De même Madeleine Bourdouxhe refuse d’endiguer son écriture : « C’est à ceux qui sont critiques à juger, évidemment. Moi, j’ai toujours écrit sans me demander comment je vais écrire. Ça coule quoi. Et si on me dit c’est pas bon, moi je dirai eh bien, tant pis ».

Éprise de liberté, cette femme profondément indépendante se tint à l’écart des modes littéraires autant que des honneurs ; on ne s’étonnera donc pas qu’elle soit longtemps restée dans l’ombre. Sa carrière littéraire fut brève : elle n’a publié que deux romans et neuf nouvelles. En 1936, sur les conseils d’Emmanuel Mounier, elle déposa chez Gallimard son premier roman : La femme de Gilles, accueilli avec enthousiasme par Jean Paulhan. Résistante lors de la Seconde guerre mondiale, elle refusa de publier ses nouvelles chez les éditeurs contrôlés par les Allemands et distribua des feuillets antinazis qu’elle se procura à Paris où résidait Paul Eluard.
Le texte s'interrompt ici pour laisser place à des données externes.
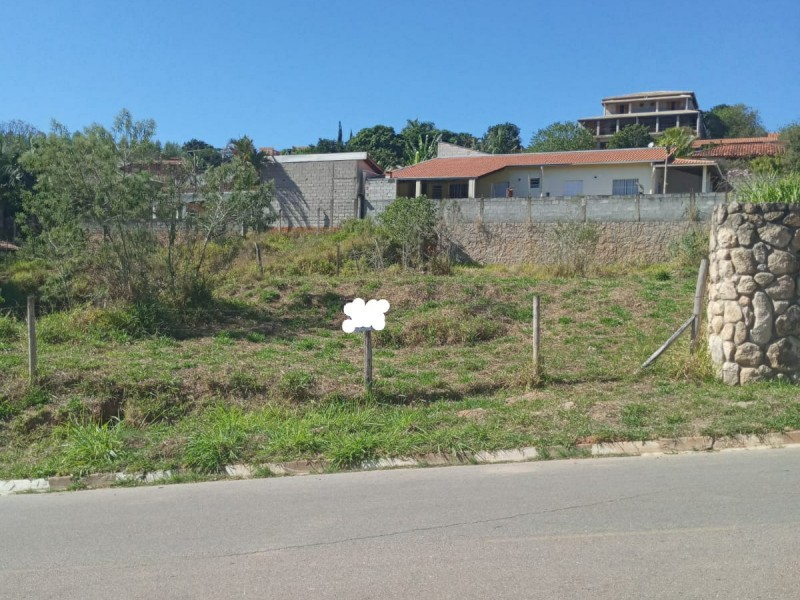 VENDIDO VENDIDO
Après la guerre, elle se lia d’amitié avec Jean-Paul Sartre et Simone de Beauvoir qui, dans Le deuxième sexe, cite La femme de Gilles comme l’exemple de celle qui rêve d’une fusion amoureuse alors que l’homme impose la séparation et la domination. En 1956, quand son roman Mantoue est trop loin fut refusé chez Gallimard, Madeleine Bourdouxhe décida de ne plus s’intéresser au monde de l’édition. Ce n’est qu’en 1985 que la critique se pencha à nouveau sur son œuvre, lors de la parution des Sept nouvelles chez Tierce littérale et la réédition de La femme de Gilles aux éditions Labor.

La femme de Gilles reste le roman le plus lu et le seul que l’on trouve encore en librairie. Pourtant, son recueil de nouvelles, aujourd’hui épuisé, mériterait certainement autant d’égards. Kaléidoscope de femmes dont les gestes surprennent par leur silencieuse violence. Pour être retenue, leur sensualité n’en est pas moins envoutante, inquiétante. Comme dans l’édition anglaise Lime Tree, l’ensemble gagnerait à être augmenté d’un récit plus long, malheureusement tombé dans l’oubli depuis 1943 : Sous le pont Mirabeau. Avis aux éditeurs.